Opentext had their second quarter earning call on Wednesday.  It featured new CEO, Mark Barrenechea, meeting the investors for the first time.  Given his background, it was the confident performance that you would expect.  

The markets obviously enjoyed it and his message.

Opentext_share_performance

via Google Finance

I'm not a financial analyst so I'll leave the monetary implications of the call to others to dissect.  Instead, I managed to pick up some interesting snippets about how Opentext views the current technology marketplace.

Enemies and Allies

In their core market of electronic content management (ECM), the Opentext world is neatly divided in two:  Microsoft/Sharepoint and SAP are allies and ECM Documentum and IBM Filenet are the enemies.  

All of the competitive positioning was couched in terms of the riding the Sharepoint wave and stealing share from Documentum and Filenet.  I've written before on Opentext's market position and I still think that the Microsoft strategy is delicate balancing act to get right.
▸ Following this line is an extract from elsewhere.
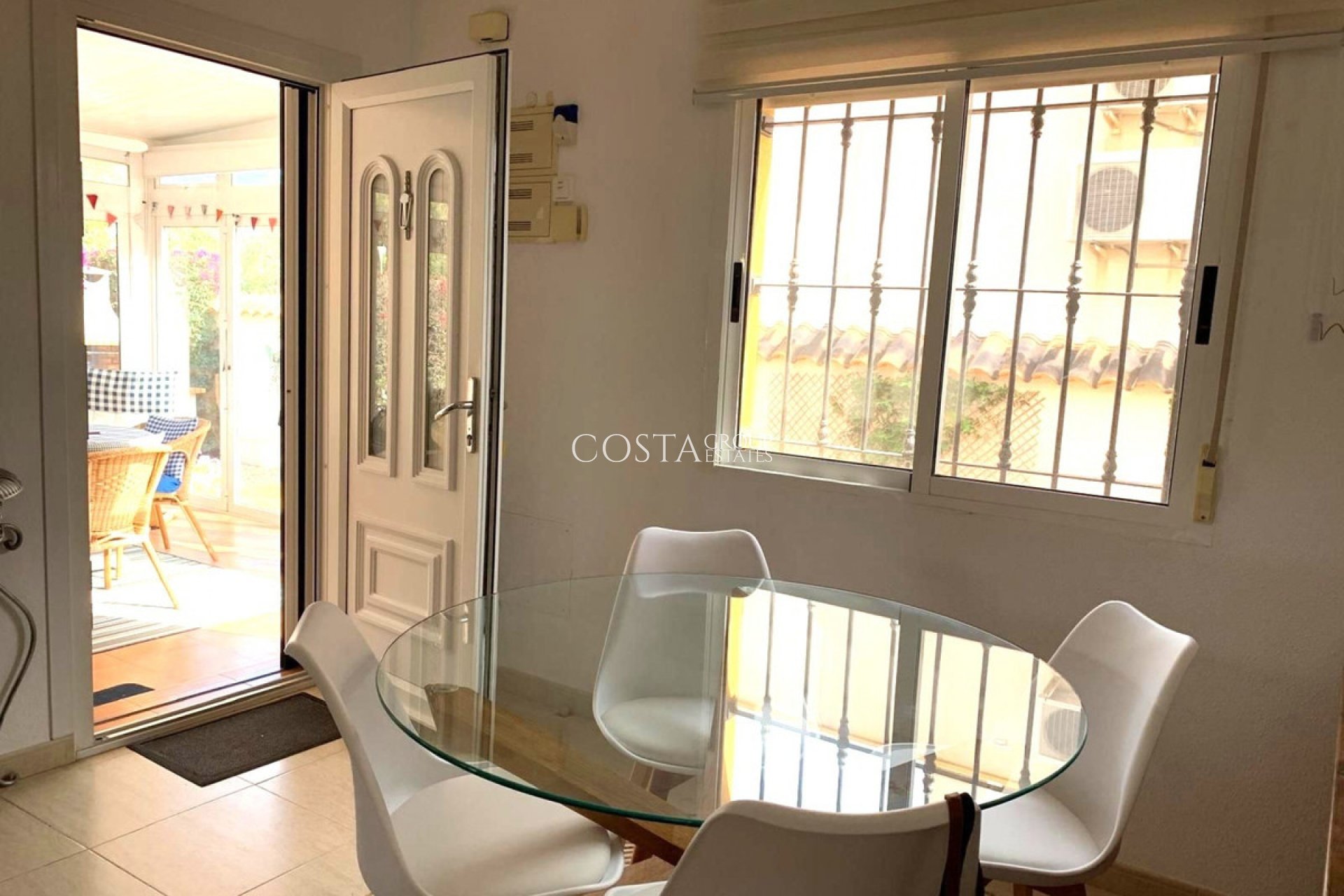 Herverkoop - Villa -
Urbanización El Raso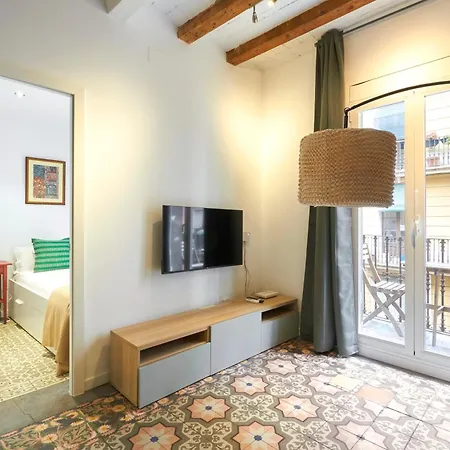アパート 64 In A Typical Barcelona's Old Building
The relationship with SAP was different.  Opentext view themselves as a bit of an enabler in SAP ecosystem - there was less direct competition.

Oracle is the wide card and was seen as potential opportunity for future development.

BPM is strategic but not yet ...

During the Q&A section, there was interesting exchange on Opentext's acquisition of Global360 and Metastorm.  I have quoted it here in its entirety:

Scott Penner - TD Securities Equity Research

Okay. And then just, I guess lastly for me, Mark, just on the integration of those, the BPM businesses, there was a timeline laid out where first there was the integration of the 2, Global 360 and Metastorm separate from the mother ship and then it would be integrated and cross-selling would come from that. I just -- I wanted just kind of set an expectation on when we should assume that were going to start to see some really significant cross-selling opportunities come in and really contribute to the revenue side?

Mark J. Barrenechea

My expectation would be, we'd kick off FY '13 with the worldwide sales force better trained, better equipped, building pipeline and starting to see some wins. So I'd like to see the junction of FY '13 with BPM fully integrated.

My observations and suppositions on this exchange:
  • BPM is of strategic importance to OpenText
  • 2012 will be a year of product development to bring the products together and create a coordinated roadmap
  • The combine BPM product line will be integrated with the rest of the Opentext business in 2013
These timescales seem right to me.

I think that IBM did an excellent job of integrating Lombardi but it took 18 month to create a combine Lombardi Teamworks / IBM Process Server product (Announced at Impact last April).

Opentext is broadly aiming at the same plan so, like IBM, I would also expect product innovation to be minimal during this period.  The goal will be making the products work together, not driving innovation.

It should make for an interesting 2013.